SAGA-Python

A Light-Weight Access Layer for Distributed Computing Infrastructure

Get Started

Introduction

SAGA (Simple API for Grid Applications) defines a high-level interface to the most commonly used distributed computing functionality. SAGA provides an access-layer and mechanisms for distributed infrastructure components like job schedulers, file transfer and resource provisioning services. Given the heterogeneity of distributed infrastructure, SAGA provides a much needed interoperability layer that lowers the complexity and improves the simplicity of using distributed infrastructure whilst enhancing the sustainability of distributed applications, services and tools.

SAGA-Python provides a Python module that is compliant with the OGF GFD.90 SAGA specification. Behind the API façade, SAGA-Python implements a flexible adaptor architecture. Adaptors are dynamically loadable modules that interface the API with different middleware systems and services. Most application developers use the adaptors that are already part of SAGA-Python, but you can easily implement your own in case your backend system is not supported yet.

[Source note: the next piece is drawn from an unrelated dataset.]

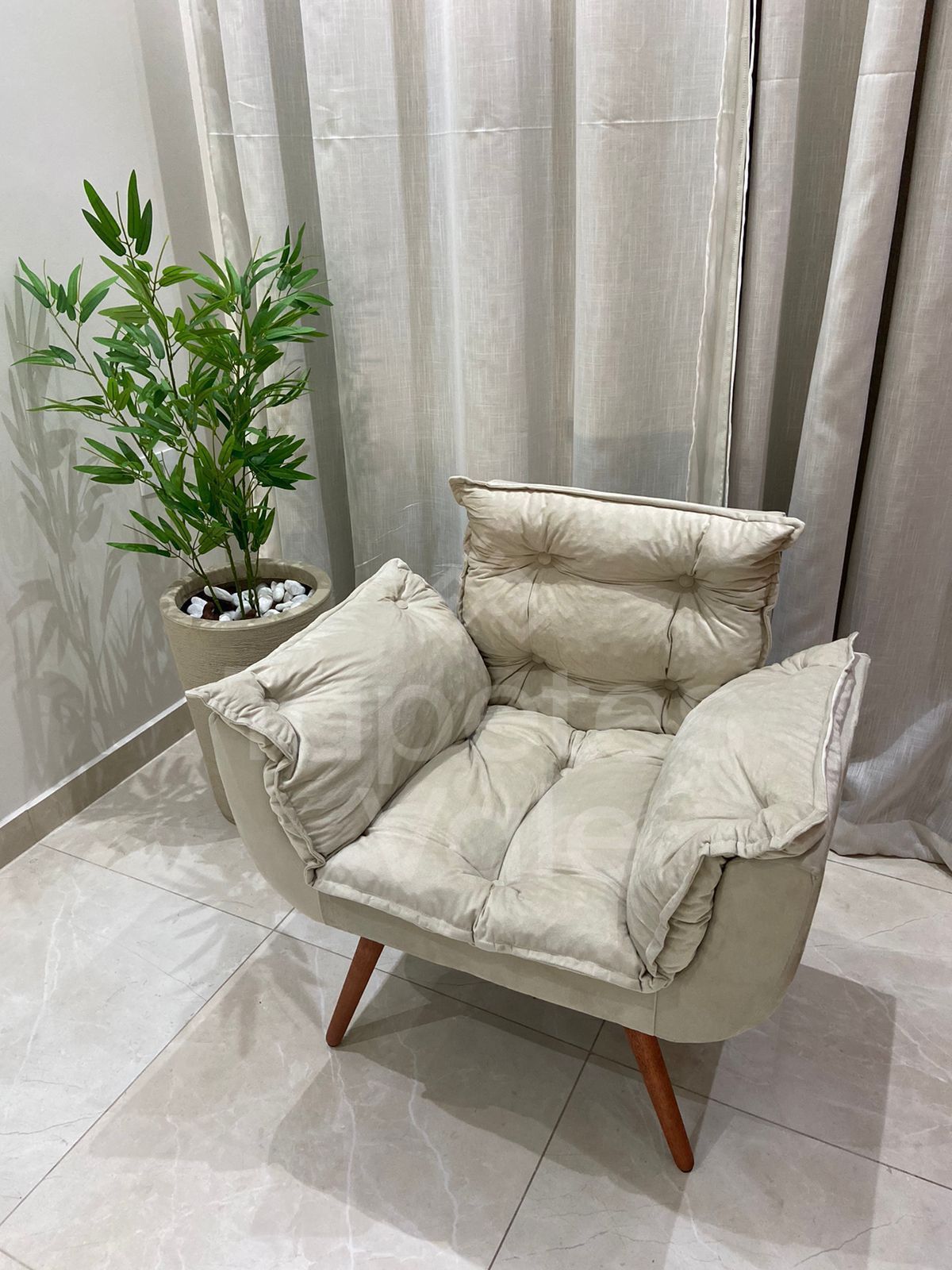 Poltrona Opala — Off-White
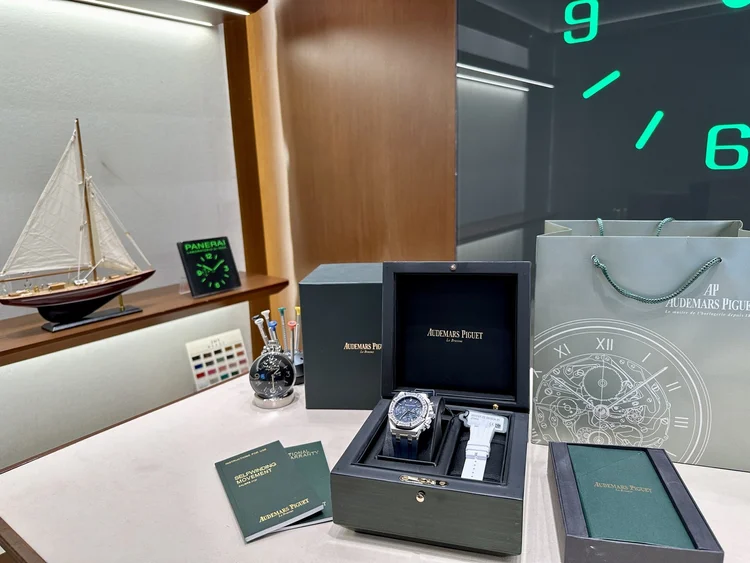 audemars piguet ladies' quartz watch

SAGA-Python's main focus is ease of use and simple user-space deployment in heterogeneous distributed computing environments. It supports a wide range of application use-cases from simple, uncoupled tasks to complex workflows. SAGA-Python is being used on many distributed cyberinfrastructures, including XSEDE, OSG and FutureGrid where it marshals tens of thousands of cores and moves terabytes of data in production science applications.


Supported Middleware

SAGA-Python supports a wide range of distributed computing middleware and service via a flexible adaptor architecture. Adaptors are plug-ins that bind API calls to the respective backend. SAGA-Python currently supports the following backends:

Job Submission Systems

(All queuing system adaptors can also access clusters remotely by tunneling commands through SSH and GSISSH)

File / Data Management

Resource Management / Clouds


Who is Using It

A variety of projects and a host of applications seeking to utilize distributed resources in advanced and scalable ways use and contribute actively to the SAGA-Python project. The SAGA-Python user community spans a broad field of research topics, tools and frameworks. Here are a few of them:


Get Started

For more detailed examples, check out the Tutorial Pages!


Installation

The easiest way to install SAGA-Python is via virtualenv and pip.

$ virtualenv $HOME/saga
$ source $HOME/saga/bin/activate
$ pip install SAGA-Python

More detailed installation instructions can be found in the manual.


Example Code

This example connects to a remote PBS cluster via SSH and runs a simple /bin/echo job It then uses the SFTP file adpator to copy the output file back to the local machine. More information about the SAGA-Python job API can be found in the respective manual section.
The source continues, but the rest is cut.